Orioles dive by Tigers, 3-2

Ripken's save caps big night of defense for 3rd win in row

Ryan shares closer role

Outfield still in flux

Segui hit lifts Hentgen

May 17, 2001|By Joe Strauss | Joe Strauss,SUN STAFF

A season of incremental change advanced another step for the Orioles last night. Wrapped within a compelling 3-2 win over the Detroit Tigers before 27,722 at Camden Yards, a closer's role was thrown open and an outfield's composition altered. Cal Ripken replied to another unspoken challenge by preserving the game with an eighth-inning dive and received a standing ovation.

More obviously, starting pitcher Pat Hentgen tied up the Tigers before a tag-team bullpen covered the final six outs to give the Orioles their second three-game winning streak. He pitched with a lead throughout because of David Segui's two-run, two-out single in the first inning.
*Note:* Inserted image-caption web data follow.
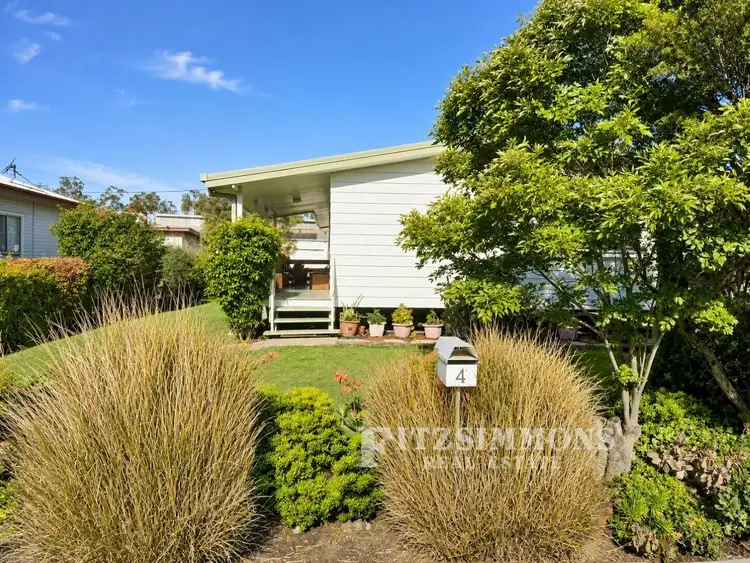 4 Swan Street
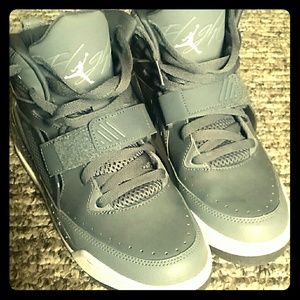 Get these and the rumper 4 75 Jordans (Gray,White)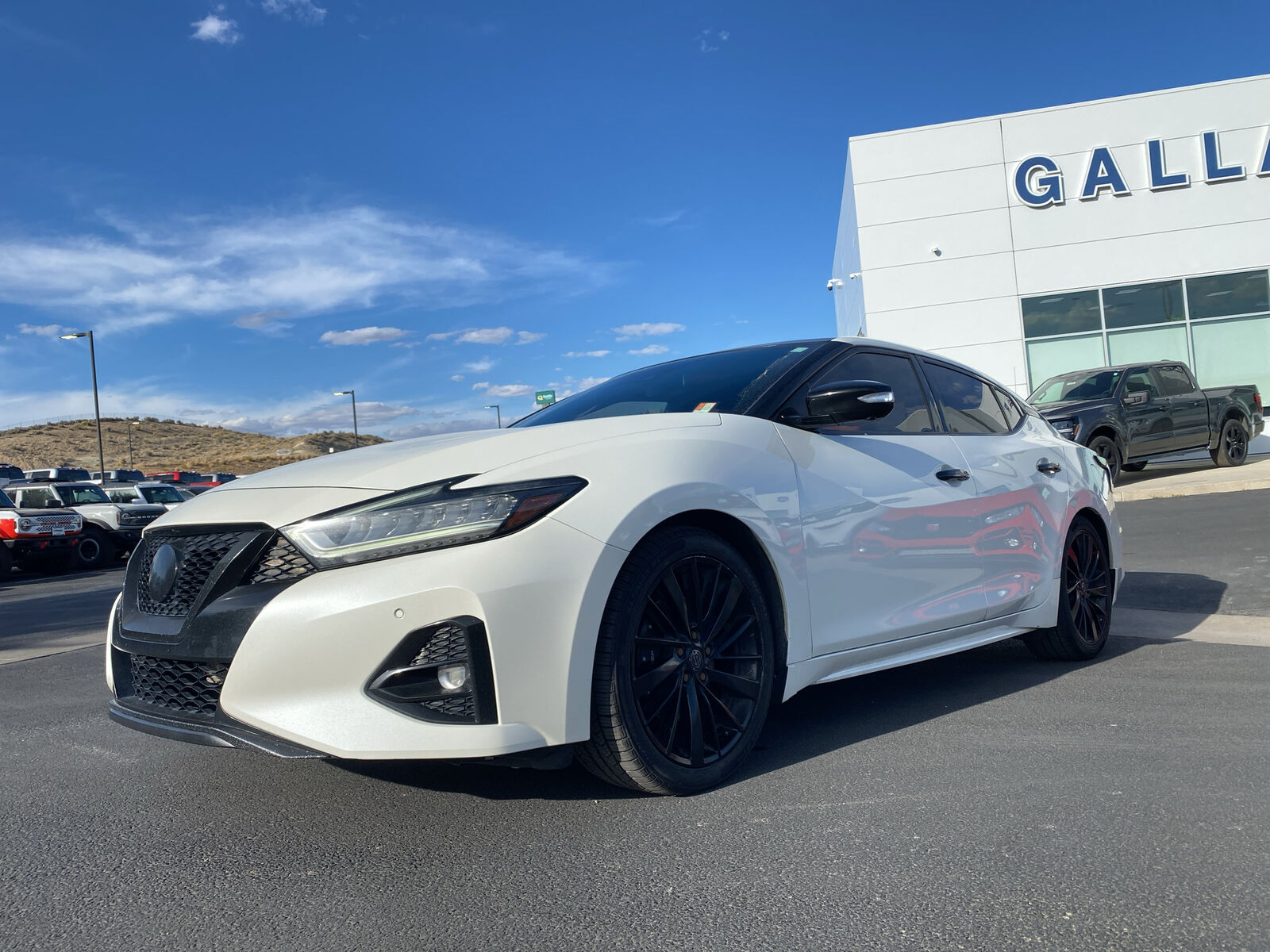 2019 NISSAN Maxima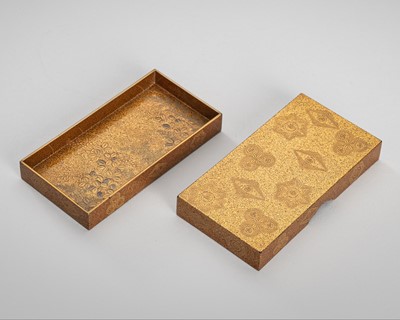 Lot 110 - A FINE LACQUER KOGO (INCENSE BOX) AND COVER WITH MON CRESTS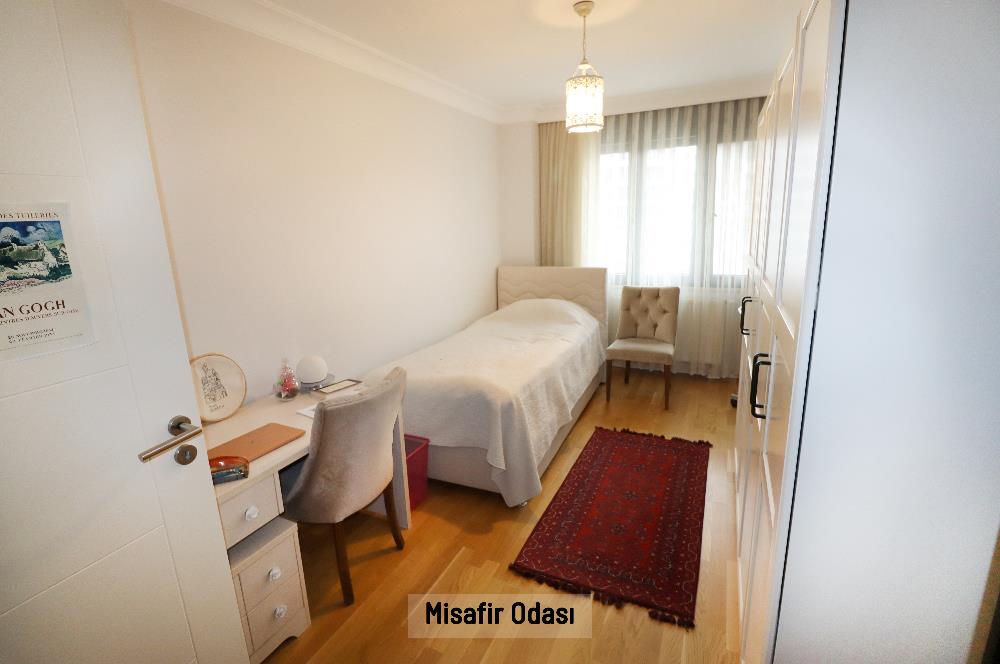 ERENKÖY GÜLBAHÇE SOKAK'TA SATILIK ŞEREFİYELİ 3+1 SATILIK DAİRE 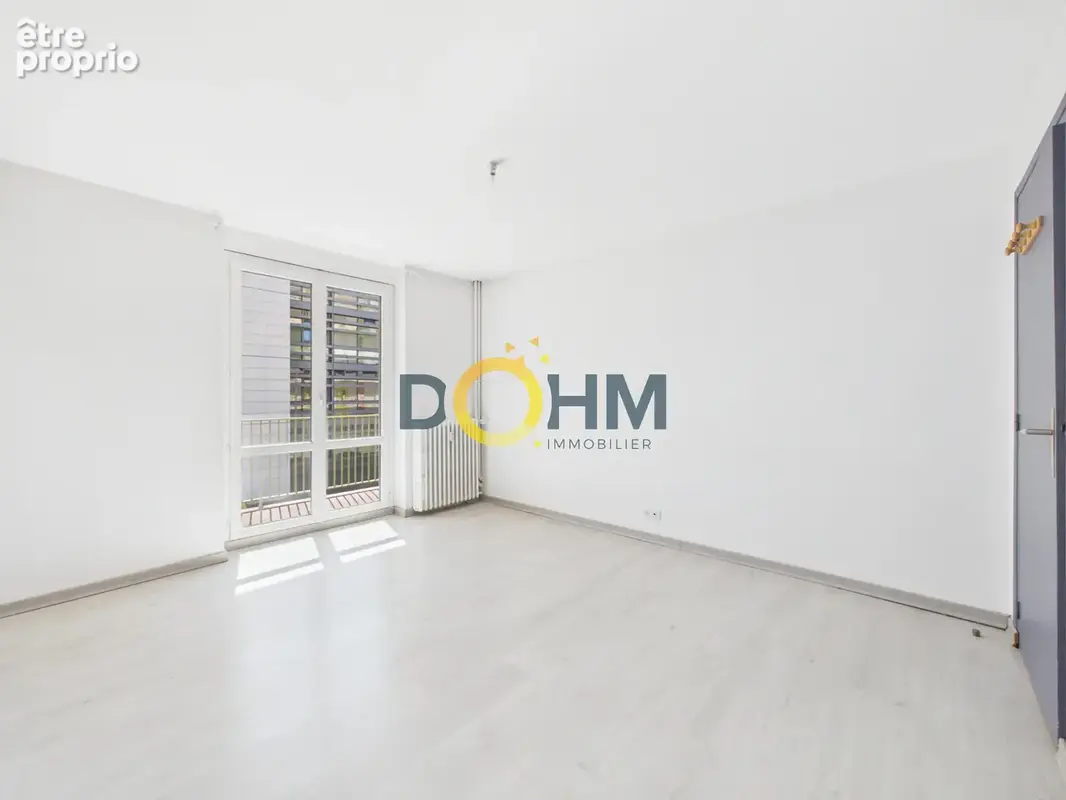 Appartement T4 de 109 m2 rénové avec goût au 1er étage avec ascenseur - photo 20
The Orioles constructed a reel of defensive gems culminating in a game-ending double play behind left-handed reliever B. J. Ryan with runners at first and third. Second baseman Jerry Hairston scooped Jose Macias' line drive just before it touched down, flipped to shortstop Mike Bordick, and jumped for joy when Bordick completed the turn to double Roger Cedeno off first.

The Orioles are 13-0 this season when leading after seven innings. Last night represented their second challenge in three games.

Buddy Groom and Mike Trombley pitched an eighth inning that required Ripken's diving stop to his right to glove a two-hop grounder and hold the runner representing the tying run at third base. Trombley then finished the inning by striking out Juan Encarnacion with the bases loaded.

Regarding Ripken's stop against Dean Palmer, Hentgen said, "I think that was obviously the play of the game."

"There were many moments in the game where that game could have been decided, but luckily they went our way," said Ripken, well aware of the club's desire to acquire his successor.

Last night's loudest statement came from manager Mike Hargrove. Three days after Ryan Kohlmeier surrendered a game-tying home run to New York Yankees right fielder Paul O'Neill, Hargrove bypassed him in favor of Ryan against a string of left-handed hitters. Kohlmeier, who has converted six of eight save chances this season but allowed five home runs, will be recognized before tonight's game as last season's top AL rookie closer, a role he now shares at best.

"Ryan has been a little streaky this year and that probably has as much to do with this as anything. It's not that I don't have confidence in him, but there are good situations and bad situations," Hargrove said. "He's a young guy trying to establish himself and get his feet on the ground. It's tough to go out in tough situations every time out and accomplish that. So I'm trying to take as much pressure off him as anything."

Asked if the role is now a shared one, Hargrove said, "For right now it probably is."

Kohlmeier converted 13 of 14 save chances last season and has been scored upon in only one of his last seven appearances. However, the Orioles have become impatient about his high walk ratio and left-handed hitters' .290 batting average against him. The Orioles have spread 10 saves among four relievers; Kohlmeier's last came on May 1.

"That doesn't mean Ryan is not still the closer. On the road trip we [looked for matchups]. Obviously, the one time we didn't do it was in New York when O'Neill hit the ball out of the ballpark with two outs. Ryan is still a big part ot the bullpen. His role may be diminished somewhat, but he's still going to pitch in save situations. I would hesitate not to call him the closer, but he'll have some help out there."

Winning for the first time since beating the Tigers on April 24, Hentgen (2-3) has earned more than he's received this season. Last night represented the seventh time in nine starts he has allowed three earned runs or fewer in at least six innings. It was also the seventh time the Orioles have scored three runs or fewer with him in a game. The decision advanced Hentgen's lifetime record to 13-4 against his hometown team, which spurned him in last winter's free-agent market.

"I think when you have good command you can get quick outs and be efficient with your pitches," said Hentgen, who threw 100 pitches in his seven-inning outing. "I think that happened today and we made some good plays defensively. A lot of things happened our way tonight."

The Orioles reached Tigers starter Jeff Weaver (3-5) for a 3-0 lead then survived bases-empty home runs against Hentgen by Bobby Higginson and Encarnacion. Weaver pitched a three-hit complete game but couldn't overcome his early control lapse.

Brady Anderson and Delino DeShields had each started 35 of the Orioles' first 38 games. However, Segui's return from the disabled list Tuesday means their joint appearances in the outfield will become increasingly rare.

Before the game, Hargrove diplomatically described a rotating arrangement while also confirming it will be Chris Richard among the team's left-handed hitters who will most likely receive time against left-handed pitching. DeShields last night took over the leadoff role as Anderson sat.